The War with the French 7

Ho, wisely estimating that the Japanese were finished, prepared to greet the Allies in the hope that they would recognize him. He hastened to stiffen the Vietminh’s authority for that prospect—and, fortui¬tously, he was helped by a ghastly famine for which the Japanese were almost entirely responsible.

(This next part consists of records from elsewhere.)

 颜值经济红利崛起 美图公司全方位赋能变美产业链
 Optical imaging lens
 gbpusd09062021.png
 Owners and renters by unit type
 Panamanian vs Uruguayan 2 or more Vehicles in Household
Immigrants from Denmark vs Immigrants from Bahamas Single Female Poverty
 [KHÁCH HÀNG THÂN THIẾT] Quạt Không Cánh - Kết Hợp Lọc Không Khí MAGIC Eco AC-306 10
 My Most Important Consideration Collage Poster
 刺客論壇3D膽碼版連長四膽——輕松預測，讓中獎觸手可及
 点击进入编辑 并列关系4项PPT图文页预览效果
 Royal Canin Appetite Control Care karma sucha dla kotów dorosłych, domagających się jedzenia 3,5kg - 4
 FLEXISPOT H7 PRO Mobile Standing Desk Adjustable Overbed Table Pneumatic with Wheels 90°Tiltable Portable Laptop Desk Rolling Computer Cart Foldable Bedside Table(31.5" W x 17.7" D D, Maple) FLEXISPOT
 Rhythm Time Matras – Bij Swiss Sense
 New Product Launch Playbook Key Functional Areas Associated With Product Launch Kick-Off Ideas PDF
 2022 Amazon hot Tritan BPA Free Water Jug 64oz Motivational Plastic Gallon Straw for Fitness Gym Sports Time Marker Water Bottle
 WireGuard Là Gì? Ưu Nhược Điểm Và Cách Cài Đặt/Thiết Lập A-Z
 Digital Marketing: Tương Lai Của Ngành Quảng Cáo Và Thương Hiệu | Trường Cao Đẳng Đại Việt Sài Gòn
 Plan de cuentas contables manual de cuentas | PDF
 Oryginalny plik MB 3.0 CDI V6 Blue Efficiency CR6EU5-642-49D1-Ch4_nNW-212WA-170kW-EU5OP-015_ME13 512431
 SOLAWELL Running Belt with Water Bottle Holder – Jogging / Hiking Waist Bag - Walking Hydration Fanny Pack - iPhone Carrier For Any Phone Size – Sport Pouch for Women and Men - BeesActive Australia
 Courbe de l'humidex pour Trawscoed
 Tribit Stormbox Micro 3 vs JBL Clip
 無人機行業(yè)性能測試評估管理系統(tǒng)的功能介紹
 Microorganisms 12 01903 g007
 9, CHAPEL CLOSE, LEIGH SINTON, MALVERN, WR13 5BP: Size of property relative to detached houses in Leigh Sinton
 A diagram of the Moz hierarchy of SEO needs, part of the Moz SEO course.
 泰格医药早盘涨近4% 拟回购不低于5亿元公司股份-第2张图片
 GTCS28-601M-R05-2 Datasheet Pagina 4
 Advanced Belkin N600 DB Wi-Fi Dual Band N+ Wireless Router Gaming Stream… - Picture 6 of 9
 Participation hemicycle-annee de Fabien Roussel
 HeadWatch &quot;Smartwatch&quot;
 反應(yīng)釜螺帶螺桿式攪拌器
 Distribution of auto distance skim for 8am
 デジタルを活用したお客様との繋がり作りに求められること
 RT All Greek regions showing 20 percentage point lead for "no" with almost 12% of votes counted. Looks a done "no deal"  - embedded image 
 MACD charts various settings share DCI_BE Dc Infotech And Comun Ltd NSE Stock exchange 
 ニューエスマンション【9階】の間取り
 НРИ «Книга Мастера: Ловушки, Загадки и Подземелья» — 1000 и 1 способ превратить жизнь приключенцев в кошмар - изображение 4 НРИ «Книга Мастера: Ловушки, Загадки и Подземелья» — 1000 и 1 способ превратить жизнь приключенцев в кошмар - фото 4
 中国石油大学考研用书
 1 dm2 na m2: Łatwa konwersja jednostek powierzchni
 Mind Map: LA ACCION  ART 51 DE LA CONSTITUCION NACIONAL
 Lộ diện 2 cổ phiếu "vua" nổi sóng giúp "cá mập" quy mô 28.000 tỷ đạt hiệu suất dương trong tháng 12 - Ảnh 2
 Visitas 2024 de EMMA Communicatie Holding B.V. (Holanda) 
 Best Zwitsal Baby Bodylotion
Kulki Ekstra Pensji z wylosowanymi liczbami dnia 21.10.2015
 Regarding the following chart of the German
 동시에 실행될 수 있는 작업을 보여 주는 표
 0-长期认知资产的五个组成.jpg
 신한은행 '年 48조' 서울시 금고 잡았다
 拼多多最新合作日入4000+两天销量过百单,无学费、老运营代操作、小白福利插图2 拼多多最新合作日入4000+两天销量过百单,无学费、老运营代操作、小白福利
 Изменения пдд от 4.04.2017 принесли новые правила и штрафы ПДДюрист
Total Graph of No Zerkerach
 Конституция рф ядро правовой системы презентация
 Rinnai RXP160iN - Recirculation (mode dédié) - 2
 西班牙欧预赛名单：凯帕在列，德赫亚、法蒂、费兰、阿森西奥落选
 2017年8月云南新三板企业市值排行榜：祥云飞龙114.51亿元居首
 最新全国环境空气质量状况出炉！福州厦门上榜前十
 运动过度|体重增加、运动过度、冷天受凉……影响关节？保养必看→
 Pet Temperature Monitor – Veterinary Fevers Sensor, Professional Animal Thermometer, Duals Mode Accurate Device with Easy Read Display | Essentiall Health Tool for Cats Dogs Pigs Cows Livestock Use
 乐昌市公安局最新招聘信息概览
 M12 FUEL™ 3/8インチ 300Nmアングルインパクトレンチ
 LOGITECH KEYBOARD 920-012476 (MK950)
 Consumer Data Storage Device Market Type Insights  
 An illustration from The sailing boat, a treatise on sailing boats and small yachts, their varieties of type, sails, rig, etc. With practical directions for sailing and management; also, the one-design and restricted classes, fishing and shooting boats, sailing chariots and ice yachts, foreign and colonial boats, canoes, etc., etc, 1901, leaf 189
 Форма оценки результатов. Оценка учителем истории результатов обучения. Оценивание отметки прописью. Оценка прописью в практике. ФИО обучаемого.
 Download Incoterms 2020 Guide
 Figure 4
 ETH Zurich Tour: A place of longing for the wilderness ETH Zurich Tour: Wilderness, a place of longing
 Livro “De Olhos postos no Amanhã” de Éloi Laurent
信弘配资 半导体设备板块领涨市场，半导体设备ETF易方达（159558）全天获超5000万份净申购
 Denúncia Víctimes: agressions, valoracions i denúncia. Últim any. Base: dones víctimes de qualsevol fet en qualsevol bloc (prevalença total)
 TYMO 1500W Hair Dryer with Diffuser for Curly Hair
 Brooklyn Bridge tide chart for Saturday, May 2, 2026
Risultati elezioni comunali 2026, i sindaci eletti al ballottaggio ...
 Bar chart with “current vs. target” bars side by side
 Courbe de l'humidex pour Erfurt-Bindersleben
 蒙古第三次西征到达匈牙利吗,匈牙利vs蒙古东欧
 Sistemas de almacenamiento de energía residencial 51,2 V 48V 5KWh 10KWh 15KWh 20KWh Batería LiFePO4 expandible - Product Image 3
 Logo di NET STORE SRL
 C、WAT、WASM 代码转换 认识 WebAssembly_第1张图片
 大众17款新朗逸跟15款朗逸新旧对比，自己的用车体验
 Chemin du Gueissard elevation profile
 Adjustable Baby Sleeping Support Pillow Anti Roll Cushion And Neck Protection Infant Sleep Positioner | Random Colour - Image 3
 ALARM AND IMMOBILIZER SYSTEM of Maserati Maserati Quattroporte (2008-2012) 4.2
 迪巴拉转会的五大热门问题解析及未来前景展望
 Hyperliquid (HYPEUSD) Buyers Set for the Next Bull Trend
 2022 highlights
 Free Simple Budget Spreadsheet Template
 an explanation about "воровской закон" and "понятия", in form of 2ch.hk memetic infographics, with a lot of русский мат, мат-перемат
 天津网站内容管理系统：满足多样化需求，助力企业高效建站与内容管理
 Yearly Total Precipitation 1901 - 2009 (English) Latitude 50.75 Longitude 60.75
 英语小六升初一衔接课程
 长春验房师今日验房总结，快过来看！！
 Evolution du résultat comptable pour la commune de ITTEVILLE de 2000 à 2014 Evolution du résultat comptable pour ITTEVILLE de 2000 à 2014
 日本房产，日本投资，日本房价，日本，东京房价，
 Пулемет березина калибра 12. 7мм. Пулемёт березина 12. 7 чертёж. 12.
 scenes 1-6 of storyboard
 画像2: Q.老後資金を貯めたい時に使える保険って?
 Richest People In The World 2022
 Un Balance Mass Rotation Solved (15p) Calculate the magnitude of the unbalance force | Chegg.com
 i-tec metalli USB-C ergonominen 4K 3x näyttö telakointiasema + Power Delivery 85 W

Earlier in the year, as the Allies cut off their sources of raw materials in Southeast Asia, the Japanese had compelled Vietnamese peasants to plant industrial crops like peanuts and jute instead of rice. They also requisitioned rice, storing it for their troops in case of Allied landings. By the summer of 1945, floods aggravated the already serious food shortage as the Red River dikes, neglected by local officials, burst in several spots. In northern Vietnam, poor in the best of circumstances, two million people out of a population of ten million starved to death. Not far from Hanoi, a leathery old peasant by the name of Duong Van Khang recalled to me years afterward that so many of his fellow villagers died that “we didn’t have enough wood for coffins and buried them in bamboo mats.” Conditions were no better in the cities. Dr. Tran Duy Hung, mayor of Hanoi at the time, recollected the scene in an interview decades later:
Peasants came in from the nearby provinces on foot, leaning on each other, carrying their children in baskets. They dug in garbage piles, looking for anything at all, banana skins, orange peels, dis-carded greens. They even ate rats. But they couldn’t get enough to keep alive. They tried to beg, but everyone else was hungry, and they would drop dead in the streets. Every morning, when I opened my door, I found five or six corpses on the step. We organized teams of youths to load the bodies on oxcarts and take them to mass graves outside the city. It was terrifying—and yet it helped our cause because we were able to rally the nation.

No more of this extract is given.